#### [INFORMATION PROVIDED]
════

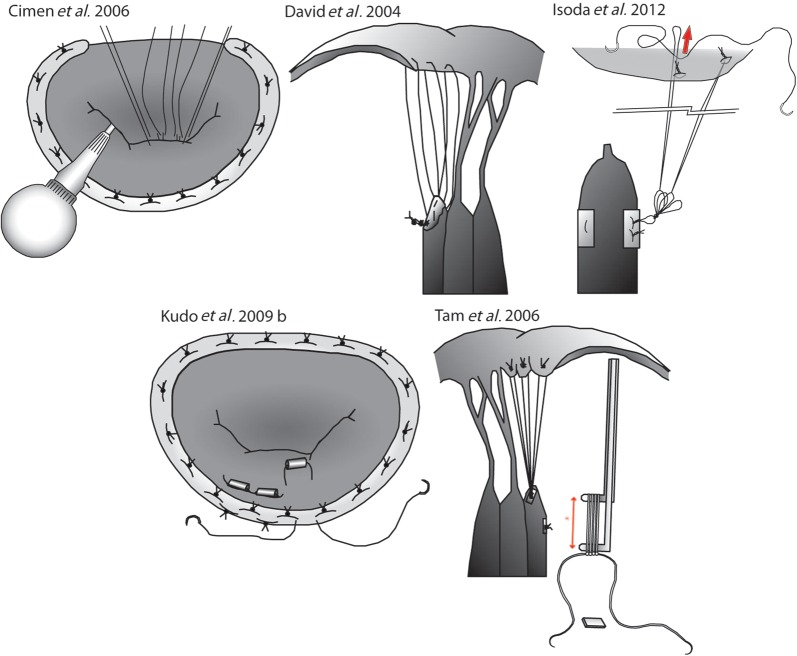 Figure 2:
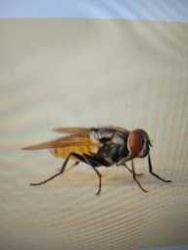 House Fly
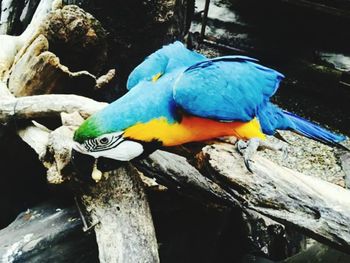 Close-up of blue parrot perching on tree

════

#### [TASK REQUIREMENTS]
The answer must be the listing above, restated word for word, with no images in it.

#### [THE COMPLETED TASK]
 Figure 2:
 House Fly
 Close-up of blue parrot perching on tree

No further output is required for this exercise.